*** DATA EXCERPT ***

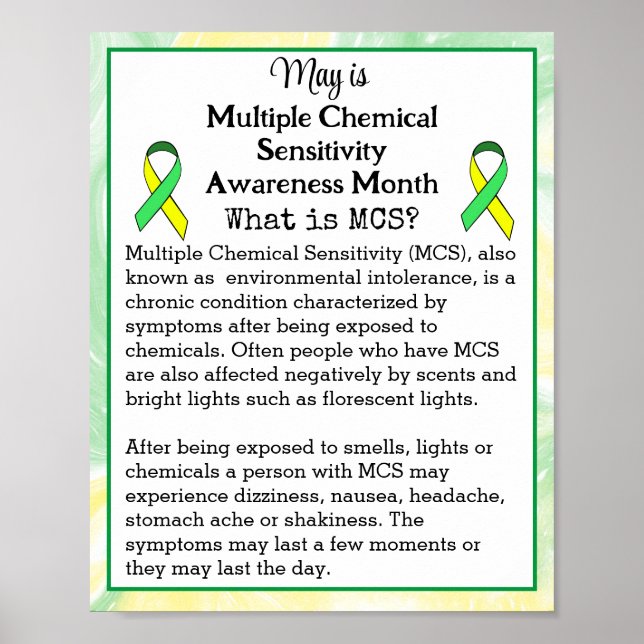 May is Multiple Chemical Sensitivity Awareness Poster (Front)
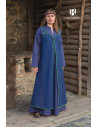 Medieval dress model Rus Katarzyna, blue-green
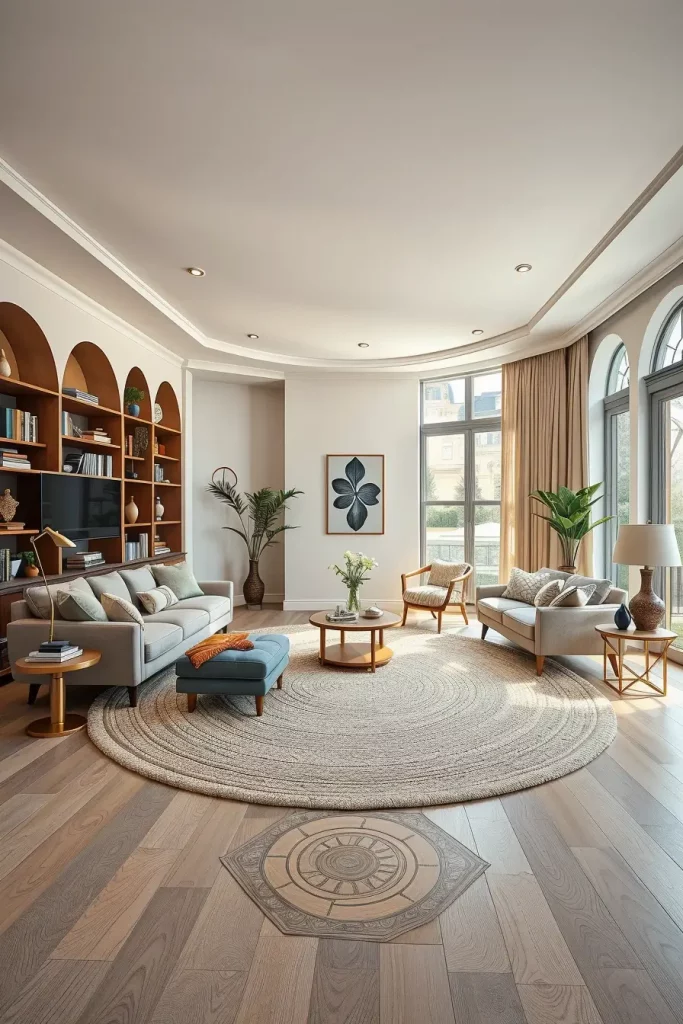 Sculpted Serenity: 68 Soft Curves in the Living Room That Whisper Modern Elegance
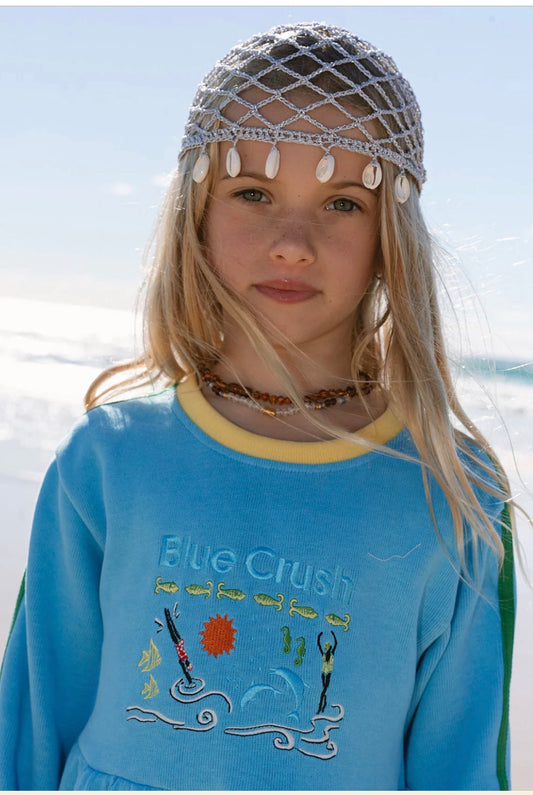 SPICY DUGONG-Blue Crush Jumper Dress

*** End of DATA EXCERPT ***

TO DO: In the answer, retype exactly and only the lines from the one holding "Medieval dress model" through the end of the listing, keeping both ends and dropping every picture.

SOLUTION:
 Medieval dress model Rus Katarzyna, blue-green
 Sculpted Serenity: 68 Soft Curves in the Living Room That Whisper Modern Elegance
 SPICY DUGONG-Blue Crush Jumper Dress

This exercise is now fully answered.